Results on PASCAL VOC 2007 test set.

Results on PASCAL VOC 2012 test set.

(Note, results on other resolutions are missing for VOC 2012 testing set.)

Results on MS COCO.

RetinaNet (Source)

Speed (ms) versus accuracy (AP) on COCO test-dev. Enabled by the focal loss, our simple one-stage RetinaNet detector outperforms all previous one-stage and two-stage detectors, including the best reported Faster R-CNN [28] system from [20]. We show variants of RetinaNet with ResNet-50-FPN (blue circles) and ResNet-101-FPN (orange diamonds) at five scales (400–800 pixels). Ignoring the low-accuracy regime (AP<25), RetinaNet forms an upper envelope of all current detectors, and an improved variant (not shown) achieves 40.8 AP.

R-FCN

R-FCN applies position-sensitive score maps to speed up processing while achieving similar accuracy as Faster R-CNN.

Source

FPN

FPN applies a pyramid of feature maps to improve accuracy. Here is the accuracy comparison with the Faster R-CNN.

Source

Comparing paper results

It is unwise to compare results side-by-side from different papers. Those experiments are done in different settings which are not purposed for apple-to-apple comparisons. Nevertheless, we decide to plot them together so you can get a rough picture. But you are warned that we should never compare those numbers directly.

The model is trained with both PASCAL VOC 2007 and 2012 data. The mAP is measured with the PASCAL VOC 2012 testing set. For SSD, the chart shows results for 300 × 300 and 512 × 512 input images. For YOLO, it has results for 288 × 288, 416 ×461 and 544 × 544 images. Higher resolution images for the same model have better mAP but slower to process.

“*” denotes small object data augmentation is applied to improve mAP.

“**” indicates the results are from VOC 2007 testing set. YOLO paper misses many VOC 2012 results so we decided to complement the chart with their VOC 2007 results. Since VOC 2007 results are in general better than 2012 results, we add the R-FCN VOC 2007 result as a reference.

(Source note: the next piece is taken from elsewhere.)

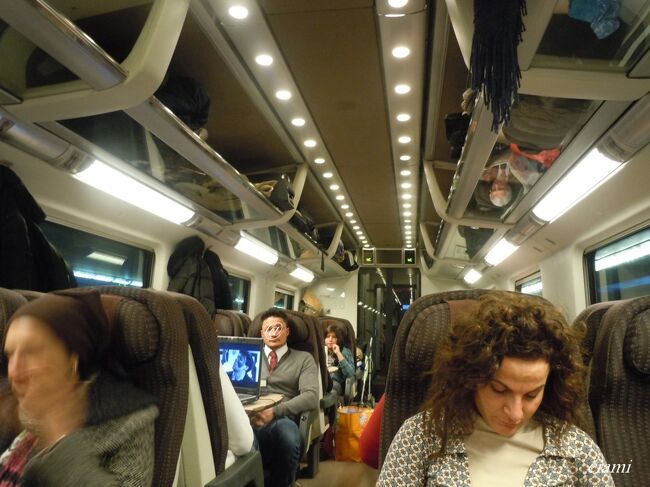 パルマからローマへの移動日。<br /><br />直行の電車がなくって、しかたなくボローニャで乗り換え。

Many single shot detectors offer options including input image resolutions to improve the speed at the cost of accuracy. Nevertheless, cross reference those tradeoffs using their papers is difficult. Instead, we plot some of the achieved high and low frames per second below. It helps to understand the range of speed each offers.

Take away so far

Single shot detectors have a pretty impressive frame per seconds (FPS) with lower resolution images at the cost of accuracy. Those papers try to prove they can beat the region based detectors’ accuracy. However, that is less conclusive since higher resolution images and training techniques are applied in those claims. In addition, both camps are actually getting closer to each other in terms of both performance and design. But with some reservation, we may consider:

Faster R-CNN and R-FCN demonstrate some small accuracy advantage if real-time speed is not needed.
Single shot detectors are here for real-time processing. But applications need to verify whether it meets their accuracy requirement.

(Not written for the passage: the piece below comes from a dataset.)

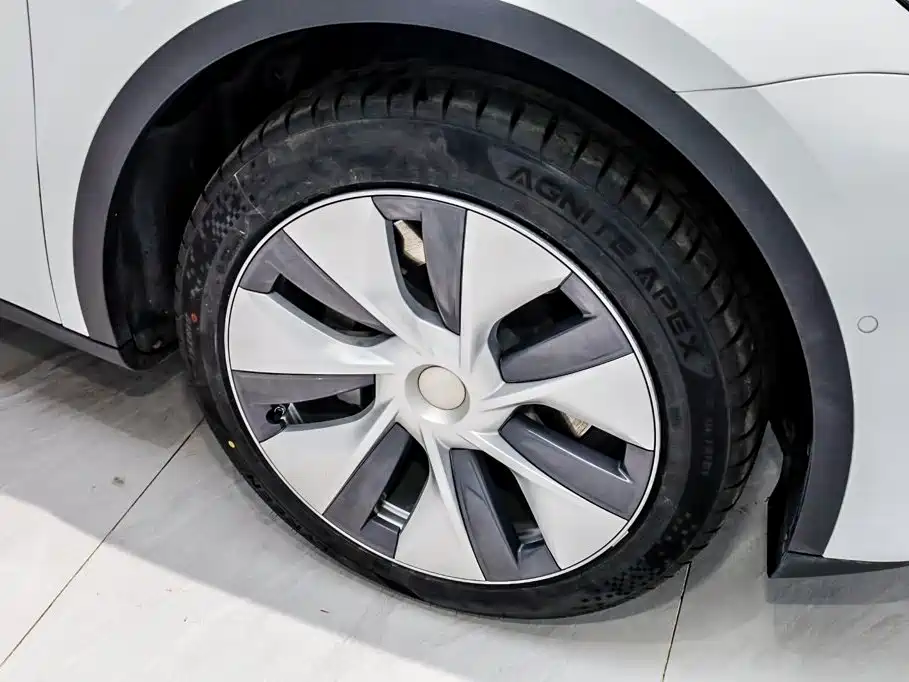 Tesla Model Y — фотографии объявления, Фото 30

Report by Google Research (Source)

Google Research offers a survey paper to study the tradeoff between speed and accuracy for Faster R-CNN, R-FCN, and SSD. (YOLO is not covered by the paper.) It re-implements those models in TensorFLow using COCO dataset for training. It establishes a more controlled study and makes tradeoff comparison much easier. It also introduces MobileNet which achieves high accuracy with much lower complexity.

Speed v.s. accuracy

The most important question is not which detector is the best. The real question is which detector and what configurations give us the best balance of speed and accuracy each application needed. Below is the comparison of accuracy v.s. speed tradeoff (time measured in millisecond).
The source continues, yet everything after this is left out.